The wife and mother of five said when she and her husband, David, decided to leave Jacksonville, Fla., in 2005, “One of the consultants in my Mary Kay unit lived in Soddy-Daisy and she suggested we check out Tennessee. But she sent us information about Cleveland, not Soddy-Daisy.”
Thomas, who has been a Mary Kay Cosmetics consultant for 22 years, said she and her husband decided to take a look at Cleveland — the city with spirit. They liked what they saw. The couple did not know anyone in the area, but things changed quickly with a visit from Welcome Friends, a local organization dedicated to greeting new people to Cleveland and promoting local businesses.
“Welcome Friends did a visit with us soon after we moved here and it opened doors to so many wonderful aspects of our lives,” Thomas said.
“We found our church — Farmland Community Church — through the packet they provided. I also became involved with the Cleveland Newcomers and began advertising my Mary Kay business with Welcome Friends.”
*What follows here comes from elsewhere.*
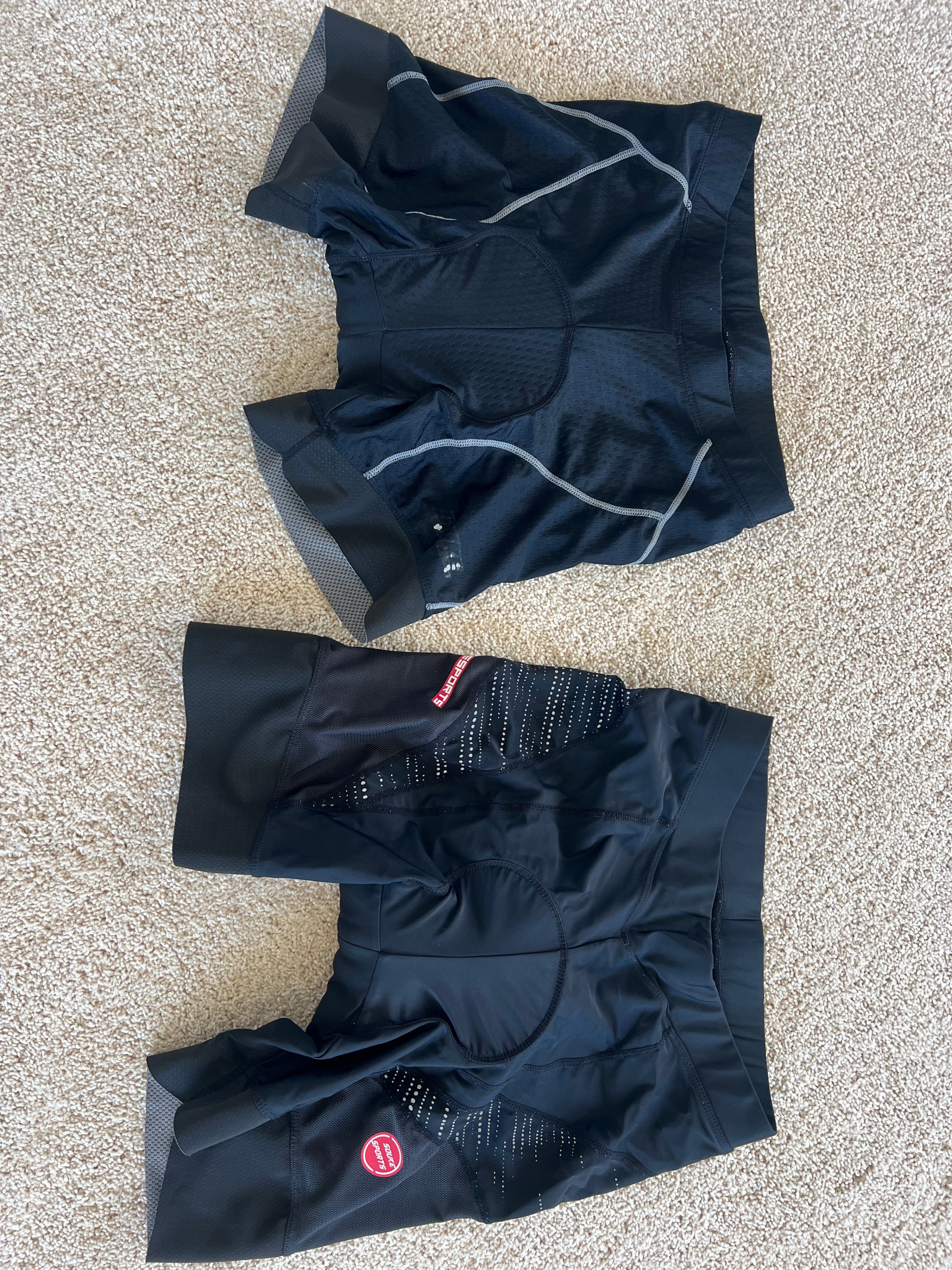 Men's Padded Bicycle Riding Half Pants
According to Thomas, this blessing led to her working with Linda and Ernie Lundy, owners of Welcome Friends.
“It is absolutely the most fun job I have ever had,” Thomas admits. “I have made some incredible connections with people who have lived in some of the places I lived. I do most of the in-home visits with newcomers, new home owners, new babies, newlyweds and new businesses.”
Thomas said she has always enjoyed volunteer work. Her church as well as Newcomers has provided opportunities to work with the Helping Hands project through the Bradley Baptist Association.
“My husband and I both love living in Cleveland and the life we have built here,” she said.
But life took an unexpected and unwelcomed turn in June 2010, when Thomas went in for a routine colonoscopy and discovered she had stage 3 cancer. Surprisingly, the news did not devastate her.
“Right before they put me to sleep, I thought, ‘Lord, just hold me in your hand,” Thomas recalled. “When I woke up and Dr. Bsuhchan told me the results, I didn’t feel panic, I was calm.”
Thomas took her four-month journey with faith and courage. She was referred to a surgeon, Dr. Daniel Stanley, who referred her to Memorial Hospital’s cancer center where they have great results with her form of cancer.
“I was surrounded with love, prayer, hope and friendship,” said Thomas, whose son, B.K., daughter, Traci, with her husband, Josh, and their daughter Olivia, were all living close by, along with other family members.
“The doctors told me it was going to be a rough program of chemotherapy and radiation, and they were right! But there were blessings in the process. I was so blessed to receive so many cards and phone calls.”
Thomas admits it is a humbling experience to be the recipient of so much love and attention. More than a hundred get-well cards covered her room, assuring her that people were praying for her.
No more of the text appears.